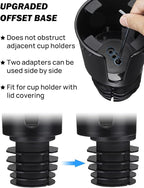 JOYTUTUS Upgraded Car Cup Holder Expander with Offset Base, Compatible YETI Ramblers, Hydro Flask, Large for Hold 18-40 oz Bo
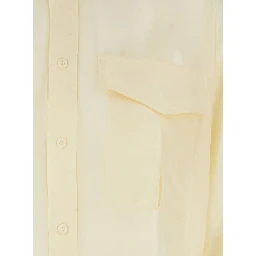 Shirt LITE UTILITY SHIRT with Classic Collar in White Women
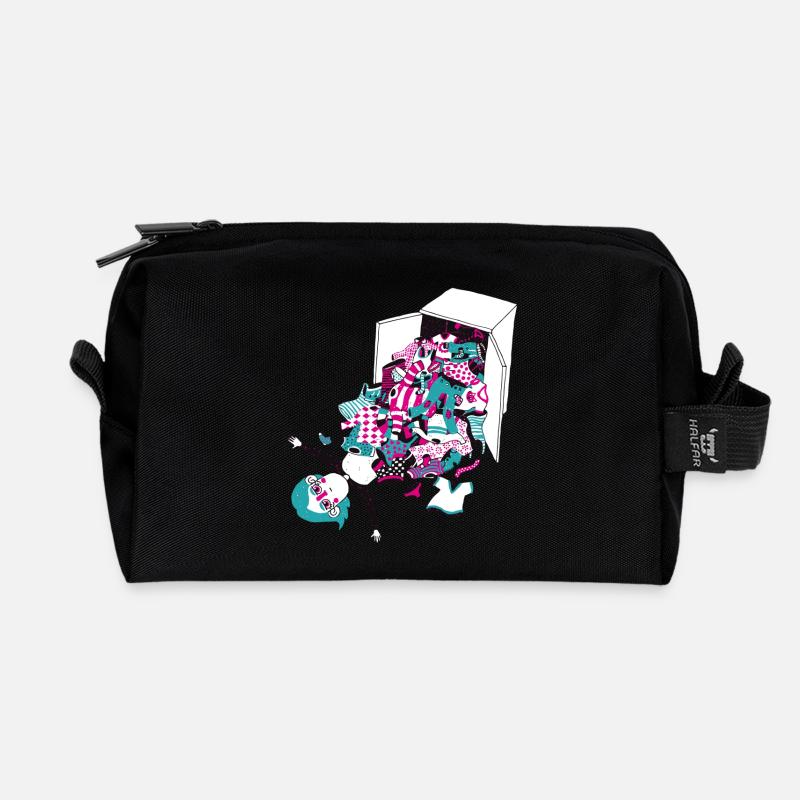 Überfluss - Recycelte Kulturtasche - Schwarz
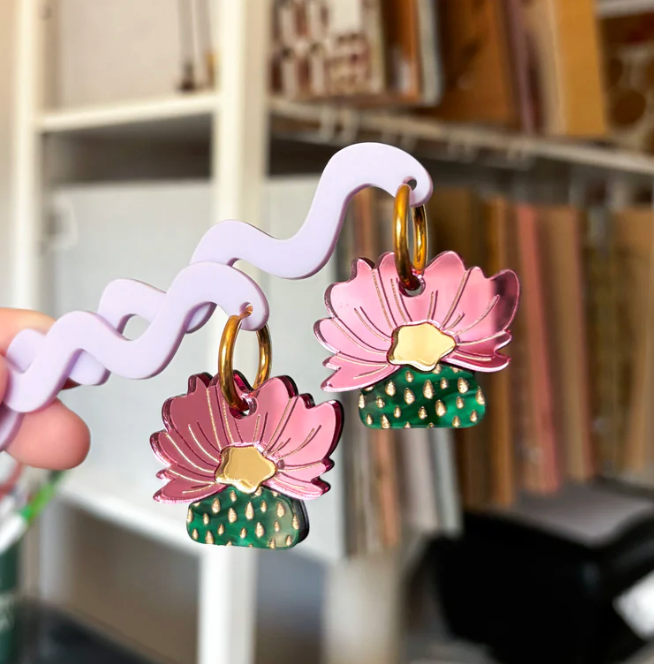 No Rain No Flowers Earrings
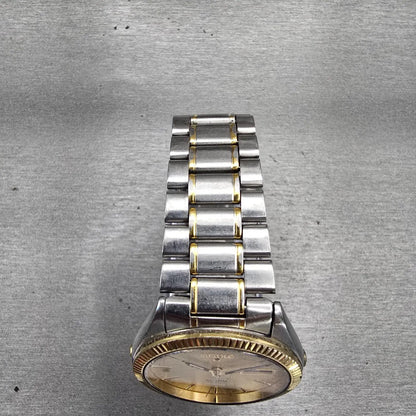 Seiko President Watch Men 35mm Gold Dial Daydate Alarm 5C23-7009 New Battery VTG4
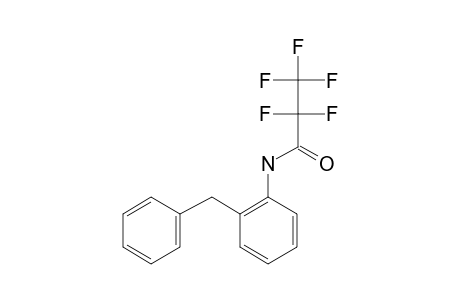 2-Benzylaniline, N-pentafluoropropionyl-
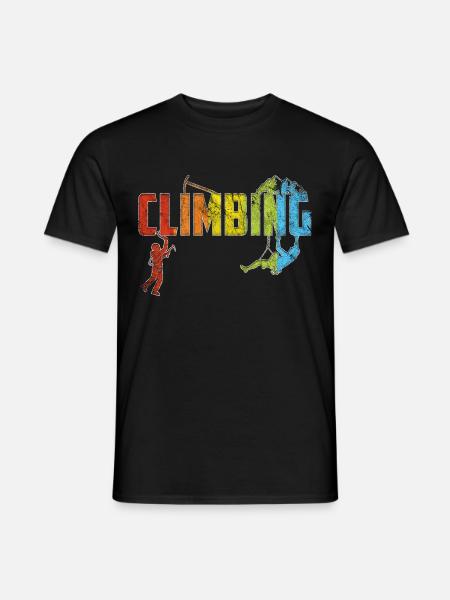 Escalade en plein air cadeau rétro Vintage escalade - T-shirt homme - noir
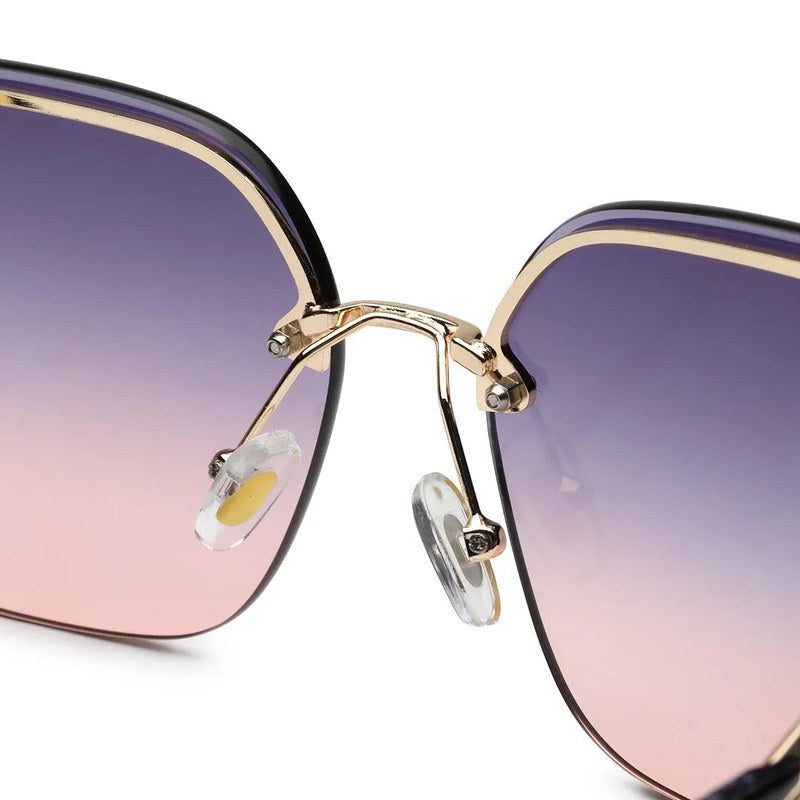Parion Gradient Purple & Pink Medium Full Rim Oversized Sunglasses for Women — Hashtag Eyewears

[Instructions for the task] What is needed is an exact printout of every record above, with the pictures left out.

[Reply]
 JOYTUTUS Upgraded Car Cup Holder Expander with Offset Base, Compatible YETI Ramblers, Hydro Flask, Large for Hold 18-40 oz Bo
 Shirt LITE UTILITY SHIRT with Classic Collar in White Women
 Überfluss - Recycelte Kulturtasche - Schwarz
 No Rain No Flowers Earrings
 Seiko President Watch Men 35mm Gold Dial Daydate Alarm 5C23-7009 New Battery VTG4
 2-Benzylaniline, N-pentafluoropropionyl-
 Escalade en plein air cadeau rétro Vintage escalade - T-shirt homme - noir
Parion Gradient Purple & Pink Medium Full Rim Oversized Sunglasses for Women — Hashtag Eyewears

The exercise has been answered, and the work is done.